I am a right-handed shooter. I do some things left-handed like writing and eating, but the rest of my actions prefer the right hand. So once I identified my eye dominance as a part of my practice, I was not shocked to find I was also left eye dominant. This is called Cross-Eye Dominance, a righty shooter with a lefty eye.

EYE DOMINANCE

Your eyes are incredibly complex input devices that provide the brain with millions of bits of information each microsecond. They must also work together seamlessly in order to provide your brain a clear and focused, three dimensional sight picture. Without this harmony, your vision would be like looking through just one eye. Very little depth perception and peripheral vision.


But we soon learn that focusing our sight picture requires us to employ focus on both our sights, near to us, and our target, likely much further away. This dissonance confuses our eyes. If you are inexperienced with shooting a pistol with bother eyes open, as is the preferred method for Military and Law Enforcement (see The Pivot Technique), you will quickly learn your brain may not be pleased with your choice. Hence why most shooters unnaturally squint one eye when they aim.

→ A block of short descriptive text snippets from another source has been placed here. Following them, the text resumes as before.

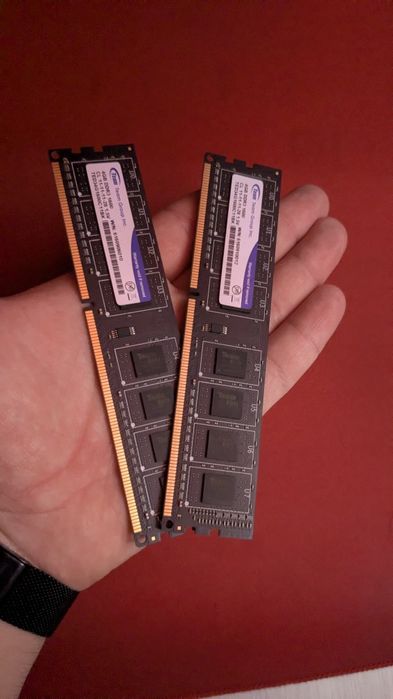 8gb ddr4 1600 ОЗУ память (2 плашки)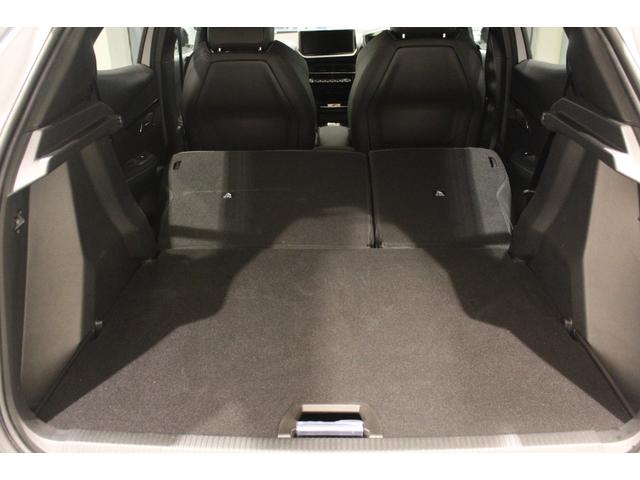 PEUGEOT 2008 GT BLUE HDI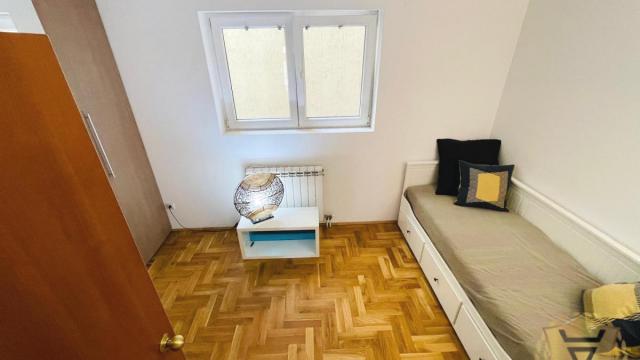 Stan, Trosoban, Izdavanje, 61m2, Lekino brdo, Voždovac, Kruševačka
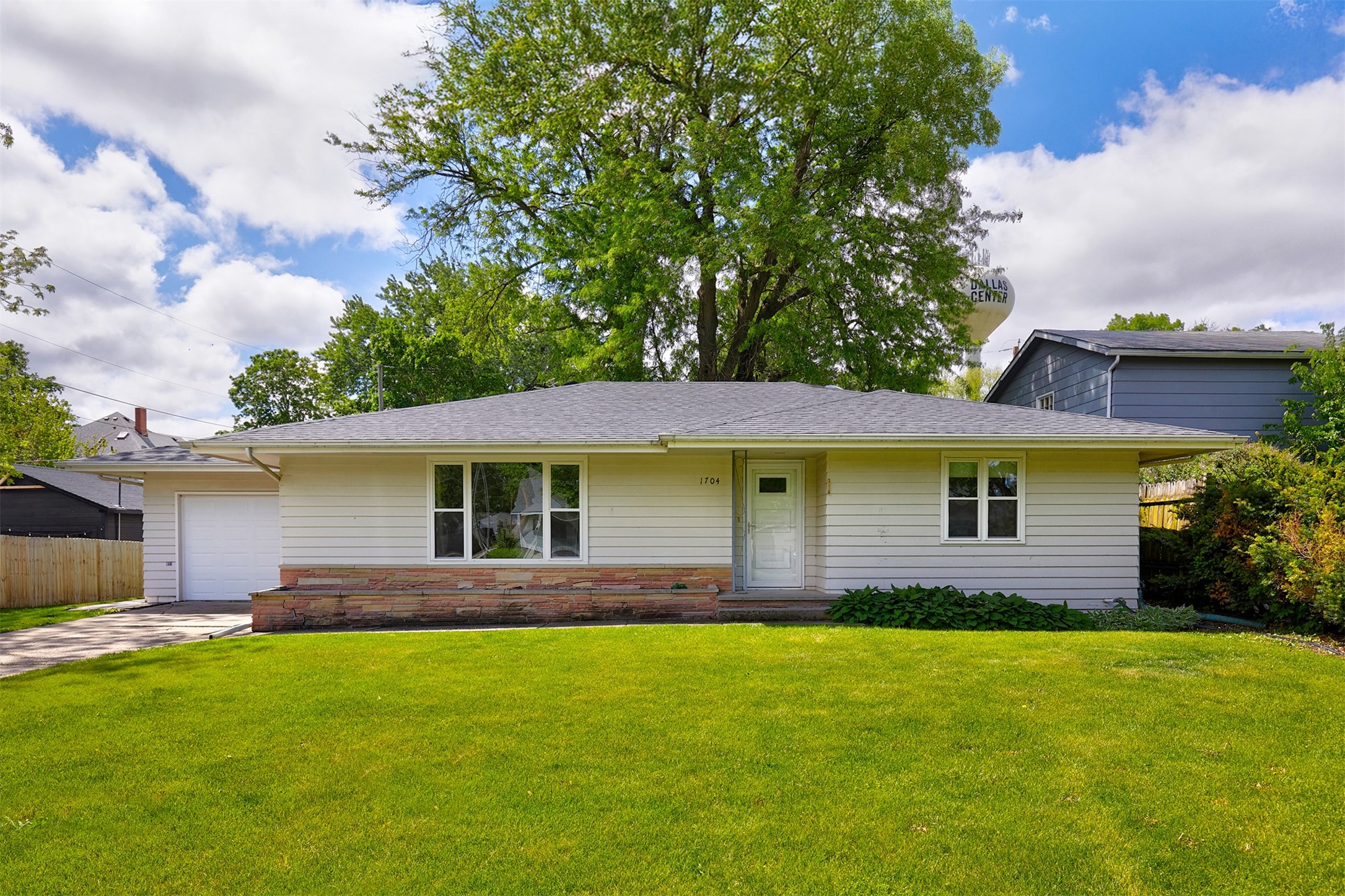 1704 Ash Street, Dallas Center, Iowa image 1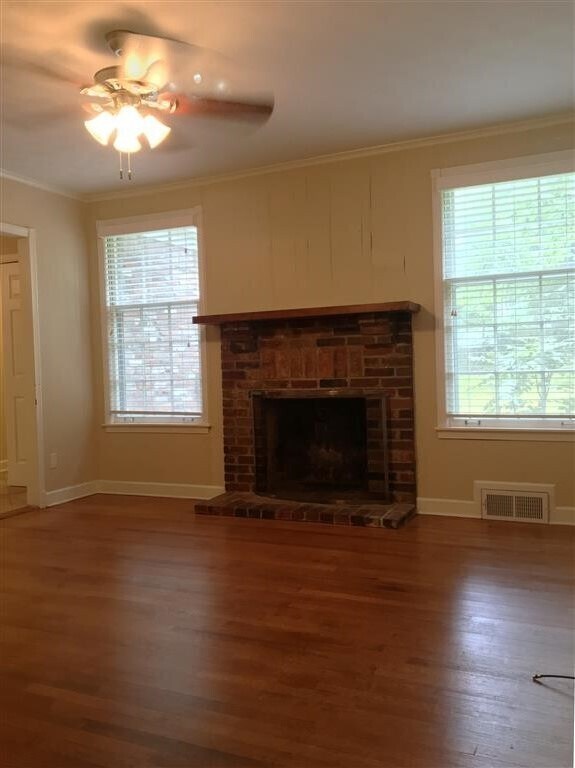 Building Photo - 3BR/2BA Gorgeous East Memphis Home. Gate Entry Driveway and ALL Lawn Maintenance is included! Pet...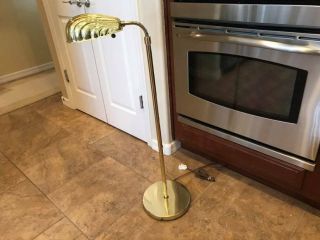 Vintage Gold Brass Colored Hollywood Regency Metal Floor Lamp Clam Shell Shade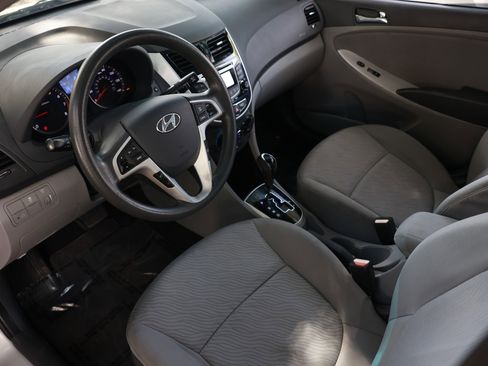 Used 2013 Hyundai Accent GLS w/ Premium Pkg FWD image 6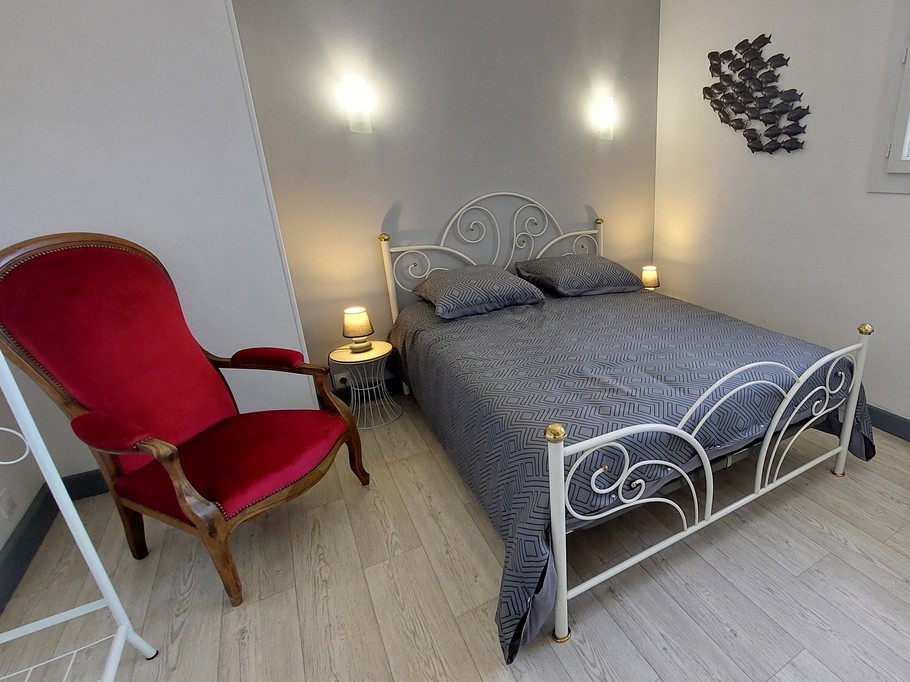 Chambre avec lit double du gîte Lilas à La Villa aux Fleurs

In most cases, one eye dominates over the other. You don't really notice it, but your brain decided a long time ago that it simply prefers one eye. Much of this has to do with how you developed into a left or right-handed person, but suffice to say, you can't really train your brain to pick a dominant eye.


Knowing your eye dominance is critical to become an efficient shooter. A rapid sight picture can be easily obtained if your eyes are told how to do it. Shooting with both eyes open, however makes this especially difficult for a lot of shooters. Many times they see two sight pictures, one that usually appears much more clear than the other. And employing the clearer picture may actually make you miss the target entirely.


DETERMINING YOUR EYE DOMINANCE

Over 2/3rds of the population are right-eye dominant, and dominance does not necessarily follow handedness. In most cases, however, a right-handed shooter is right eye dominant. There are a few ways to determine your own eye dominance, one way without any assistance is called the Miles Test.


Simply outstretch your hands in front of your face, as far as you can, with your palms facing out. Now form a small triangle between your thumbs and index fingers. Then, with both eyes open, gaze through this triangle at a specific point about 20 feet away. Now close your left eye, did the object disappear? If not, you are right-eye dominant. If closing your right eye reveals the object, your dominance is on the left.

Here is a video demonstration of this test.


So in this test, one eye sees the object and the other appears to be looking somewhere else. This is not a malfunction, it it the way our eyes have learned to create a wide field of view, meanwhile allowing us to focus on an object directly in front of us.


If you employ the eyes wide open technique, which is naturally what you will do, involuntarily, in a live fore situation, you need to know which eye is dominant. Which sight picture you will employ to align your aim in order to place shots accurately on your target.


If you struggle with sight picture using eyes wide open, you may want to try pivoting your head to align your dominant eye with your sights (see Pivot Technique).


Whatever you choose, make sure it works for you. The goal is to place shots on target accurately and quickly. However you get there is your own preference.